YOUR ASSIGNMENT - Apart from the pictures, everything in the lines below must be printed exactly.

RECORDED DATA -
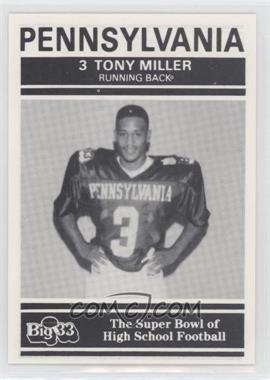 1991 PNC Big 33 Football Classic - [Base] #PA3 - Tony Miller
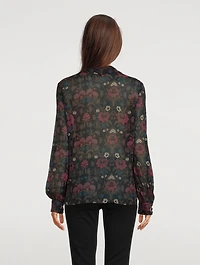 Jodelle Silk Shirt Floral Print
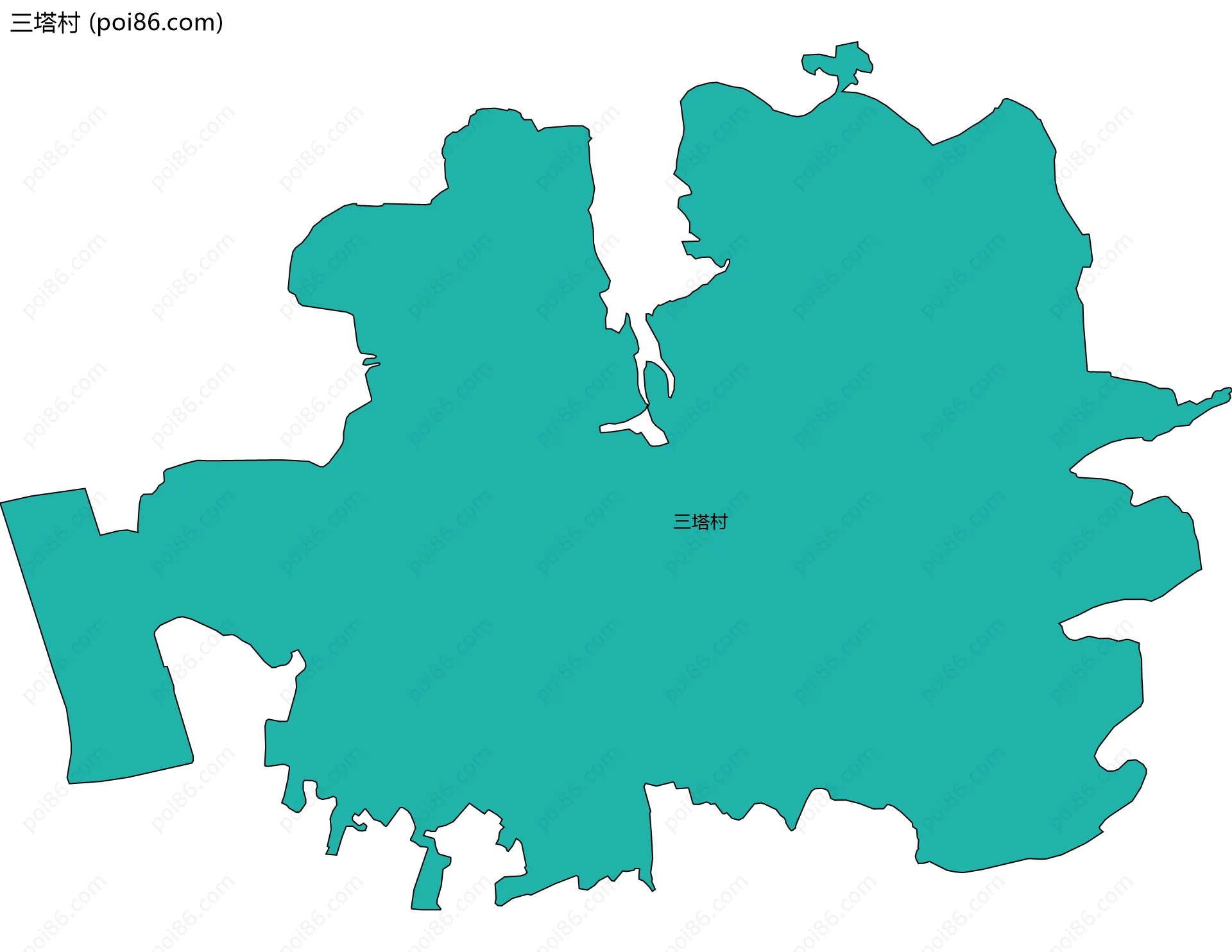 三塔村边界地图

REPLY TO THE EXERCISE -
 1991 PNC Big 33 Football Classic - [Base] #PA3 - Tony Miller
 Jodelle Silk Shirt Floral Print
 三塔村边界地图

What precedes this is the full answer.